How to get MySQL to sorting Unicode strings correctly
We received a report from one TeamworkPM customer that the sorting for Czech language on our people page was incorrect.
It took me 30 minutes to track down the problem so I hope this will safe some of you a bit of frustration.
Problem #1 - Merging of accented and non-accented characters
Say we had 2 users - "Candy" and "Čatelyn" (note the accent on Č), MySQL was returning only one row when we ran the following code
SELECT DISTINCT ucase( left( userFirstName, 1 ) ) AS letter
FROM users u
ORDER BY letter
was returning just 1 row with "C".
We wanted it to return "C" and "Č".
The fix:
I was scratching my head but it's obvious in hindsight – we just needed to change the collation on the userFirstname field from utf8_unicode_ci to utf8_bin.

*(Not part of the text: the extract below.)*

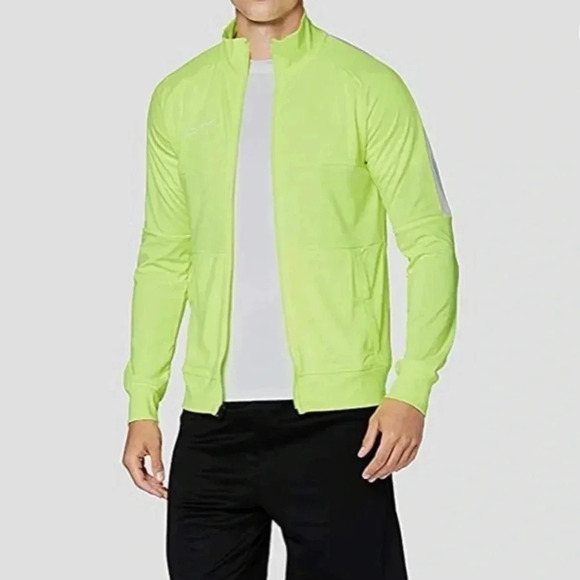 Nike Men’s 1/4 Zip Soccer Jacket Neon Yellow Size Small NWT - Picture 3 of 10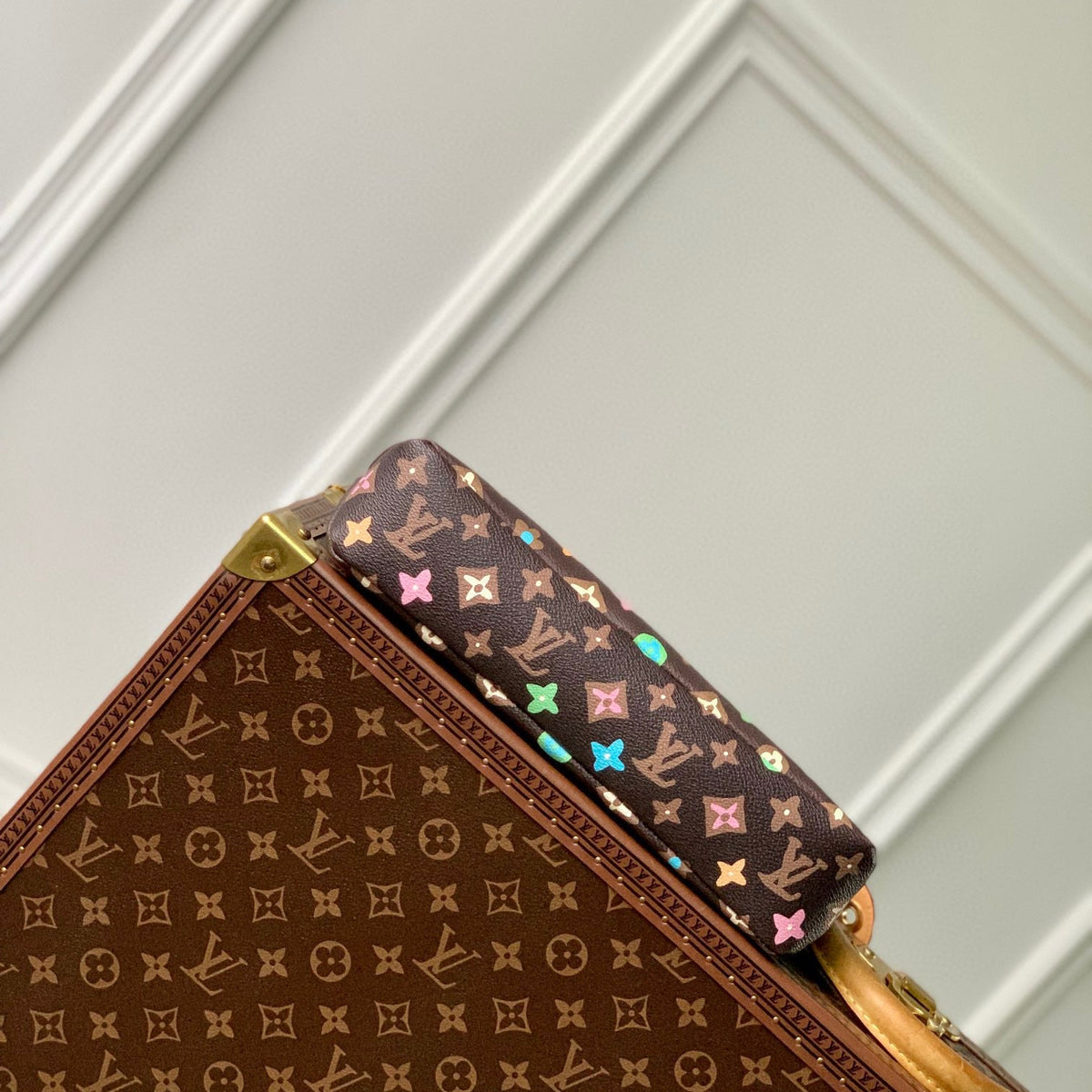 Louis Vuitton Bags- Louis Vuitton Lou Pochette Voyage Souple Pouch Elegant Everyday Designer Handbag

Problem #2 - Sort order incorrect
That was one problem fixed. It turns out that MySQL was still putting names that start with accented characters at the end of the list so we had:
Anya
Candy
Mary
Čatelyn
instead of
Anya
Candy
Čatelyn
Mary
To fix this I just sorted using the following:
SELECT DISTINCT ucase( left( userFirstName, 1 ) ) AS letter
FROM users u
ORDER BY letter collate utf8_general_ci, letter
Hope this helps somebody.